More and more console gamers have made the switch to a dedicated gaming monitor to pair with their Xbox One or PS4 to take advantage of what once were exclusive PC gaming features. TVs have the upper hand in terms of size and, depending on the technology, image quality. However, gamers have prioritized the fast, smooth, and responsive gaming experience that only monitors provide. Let us discuss three of the most significant differences between TVs and monitors for console gaming.
The truth is that TVs and monitors are designed for different purposes so they have a lot of differences in tech specs.
One of the main advantages of playing console games on a monitor instead of a TV is the improved input lag, which is the time it takes for the signal received by the display to be processed and shown on the screen.
Televisions tend to rely heavily on filters that improve image quality when watching TV, like noise reduction and upscaling, but this takes extra time and translates into input lag. However, none of these features are desirable when playing console games, as image quality is largely controlled by the console and game engine. Any added processing on the TV side simply adds latency. Lag or latency slows down your gaming experience with a noticeable delay between button presses and actions seen on the screen
Monitors, on the other hand, do not suffer from severe input lag. They take the digital signal from the console and directly send it to the screen without much processing, providing quick visual response to button presses on your controller. While some TVs have a Game Mode which can reduce lag from 60 milliseconds to around 20, it is still very far from a monitor’s benchmark of 10 milliseconds.
The rule is: the lower the input lag, the better, which is especially true for fast-paced games like shooters.

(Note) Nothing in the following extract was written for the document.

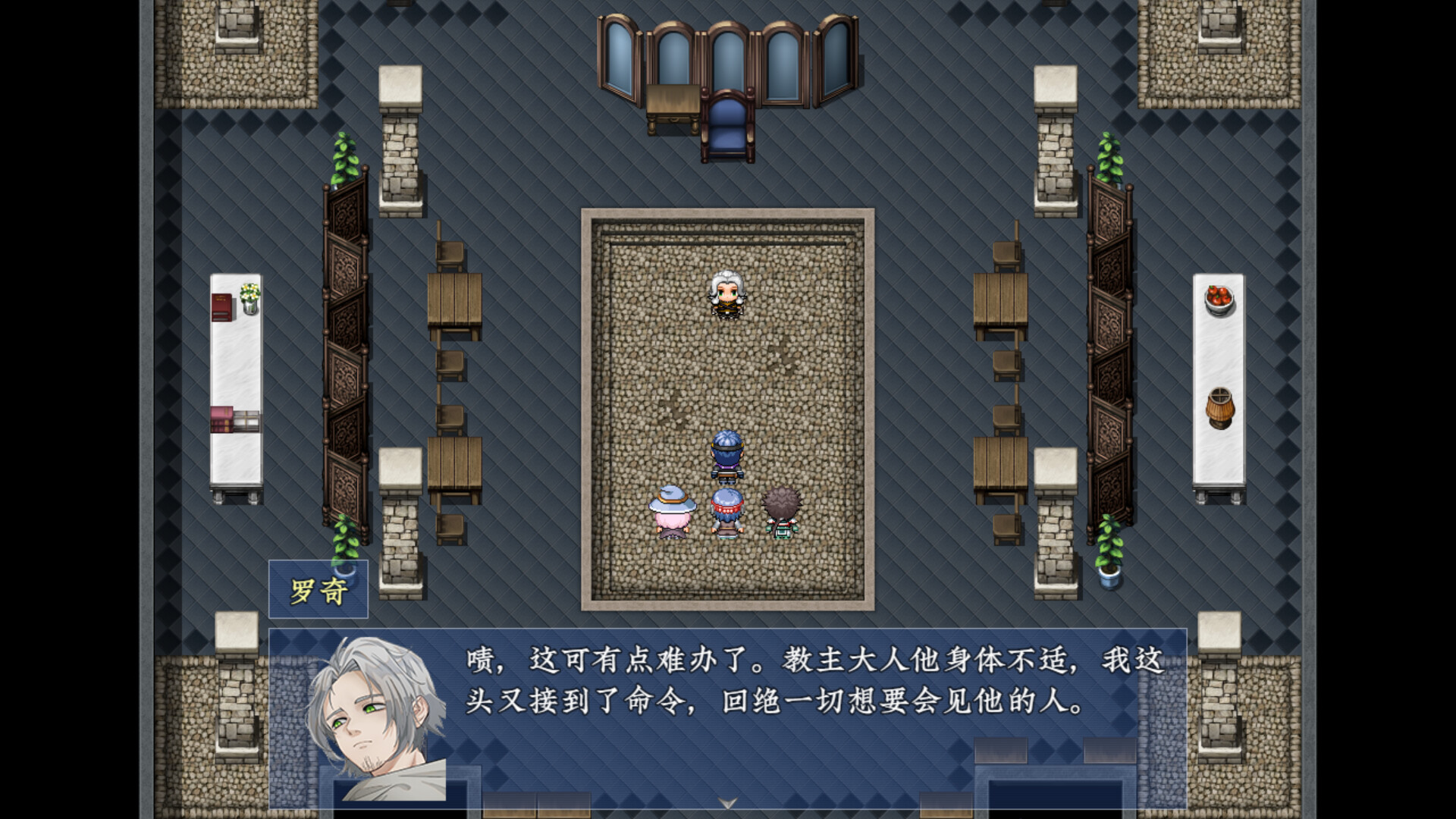 新世勇者传 Newera Heroes' Chronicle screenshot 6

Another spec that is worth paying attention to is response time. Also measured in milliseconds, it refers to how fast pixels on the display switch from one color to another. Faster response times result in better viewing experiences during fast-paced scenes, while slower response times can result in ghosting or blurring of the image.
Response time relates closely to the type of panel technology used in displays: twisted nematic (TN), vertical alignment (VA), and in-plane switching (IPS).

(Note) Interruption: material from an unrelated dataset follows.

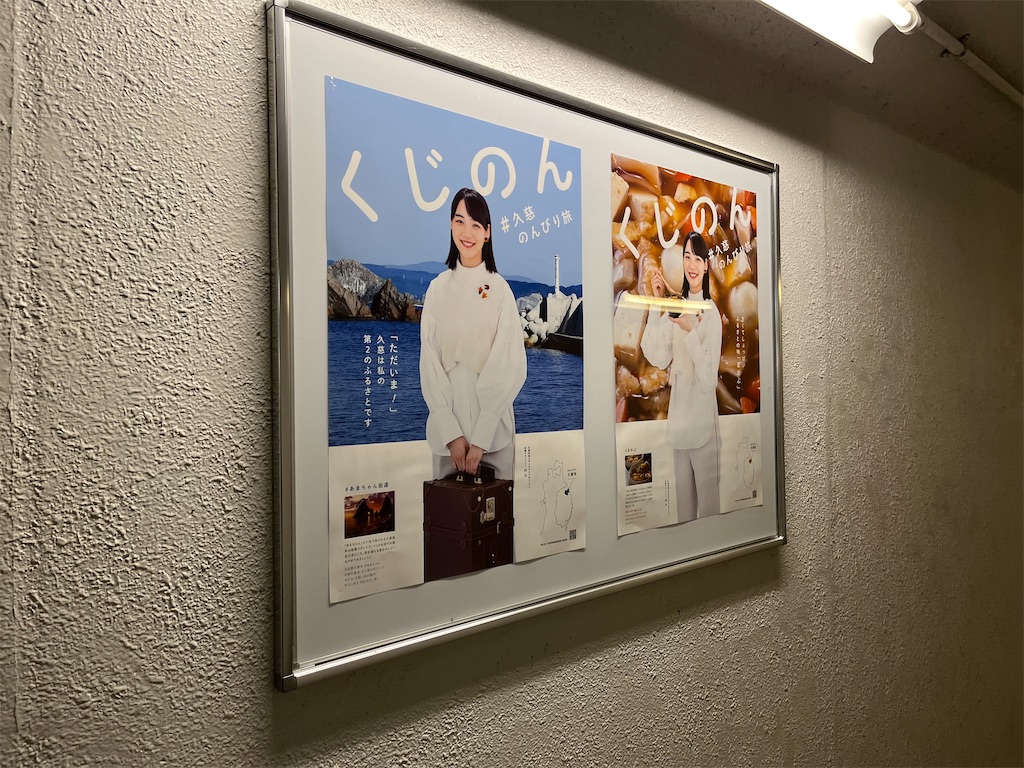 f:id:epokopoko:20230323081843j:image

Overall, modern TVs have much higher response times than monitors, which might result in ghosting and worse picture quality. Casual gamers are happy with a response time of about 10 milliseconds, while competitive and professional gamers usually target something closer to 1 millisecond.
The third aspect that is different between monitors and TVs is the refresh rate. Televisions typically change the image on the screen 60 times every second, generally referred to as a 60Hz refresh rate.
Because most consoles were initially designed for TV usage, the refresh rate used to be a less critical factor. However, Xbox One received an update in 2018 that allows it to work at up to 120Hz, taking advantage of a monitor’s capability to run at refresh rates higher than 60 frames per second (FPS).
Additionally, Xbox One supports a feature usually reserved for PC gaming called variable refresh rate. This technology, commonly found in the form of AMD FreeSync (or NVIDIA’s proprietary G-Sync), allows the video source and monitor to communicate and dynamically match the FPS of the source to the refresh rate of the display for smooth and tear-free gaming.
Most of modern televisions and monitors feature 4K resolution, meaning that they can provide sharper and more detailed images of 3840 X 2160 pixels. TVs are designed to be viewed from a far, with a lower pixel density. Thus, when viewed from a short distance, the image turns out pixelated. Gamers who use a display at a shorter distance to have a more immersive gaming experience, might want to pick out monitors with a higher pixel density. No one would like to play games watching images with low pixel density.
Last but not the least, a display which can offer you viewing comfort is also a feature you need to take into consideration as well. Low blue light and flicker-free are just the basic; a monitor with brightness intelligence which can be adapted to the ambient light will offer the gaming experience.